Waarom komt de religieuze levensstijl zo bedreigend over?

Een kernvraag in het hele debat – een vraag waar wij ook het antwoord niet op weten – is bijgevolg waarom de religieuze levensstijl zo bedreigend overkomt. Een standaardantwoord is hier het wijzen op het geweld dat religies zouden veroorzaken. Als we met een nuchtere blik naar de geschiedenis en naar de wereld kijken, dan zien we dat geweld vooral een menselijk probleem is. Wij zien niet in waarom er een sterkere band zou zijn tussen religie en geweld dan tussen mens en geweld. Wij zien zeker niet in waarom een religieuze praktijk van mensen moet beknot worden omdat er ooit en ergens elementen uit die praktijk een rol spelen in een gewelddadig conflict. Dat deze levensstijl vaker dan andere levensstijlen tot geweld moet leiden is een onbewezen en onbewijsbare hypothese, en dus geen hypothese, maar een dogma.

Biografische noot: ooit op de luchthaven van Heathrow eens een sikh met tulband achter de monitor van de bagagescanner zien staan. Vluchtig rondkijken leerde: niemand was verontrust. We waren duidelijk niet meer in het Vlaanderen, dat nog niet in het reine is met zijn religieuze verleden en waar bij momenten hysterisch wordt gedaan over godsdienst.

Een lange weg

Nog een laatste punt. Een interessante casus die Bekaert naar voren schuift is die van een discussiërende klasgroep waarin een aantal vrouwen met een hoofddoek aanwezig zijn. Hij weet uit eigen ervaring dat niet-gesluierde mensen niet altijd vrijuit durven spreken geconfronteerd met al dat textiel. Wij zouden hierop het volgende willen zeggen.

Er is inderdaad nog een lange weg af te leggen op het gebied van burgerschap en omgaan met diversiteit in onze samenleving.

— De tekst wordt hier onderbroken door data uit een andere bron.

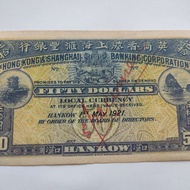 Antique Coins and Ancient Coins Collection 1921 British Business Hong Kong and Shanghai HSBC Bank 50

Mensen zouden inderdaad moeten durven hun mening te uiten, ook als ze weten dat ze daarmee in conflict komen met overtuigingen die anderen dicht op de huid zitten.

Dit betekent dat de niet-gesluierden onder Bekaert zijn studenten zullen moeten leren toch hun mening te uiten in de omstandigheden die hij beschrijft en dat mensen die eventueel problemen hebben met homoseksualiteit ook een respectvol gesprek moeten kunnen aangaan wanneer in het gezelschap van twee mannen die liefdevol elkaars hand vasthouden.

Het is duidelijk dat voor Bekaert religieuze symbolen bijzonder explosieve en gevaarlijke elementen zijn in de samenleving, die goed onder controle gehouden moeten worden. De vraag is echter of hij inderdaad de karikaturen die Safâa Achnak van het Westen zou maken niet beantwoord met karikaturen over de godsdienst. Het is bij momenten bevreemdend te zien hoe mensen die in de traditie staan van de Verlichting, wanneer het over godsdienst gaat, plots bereid zijn de grootste vooroordelen en dogma’s over de religie boven te halen. Daarom één advies aan Bekaert: sapere aude, of: durf te weten!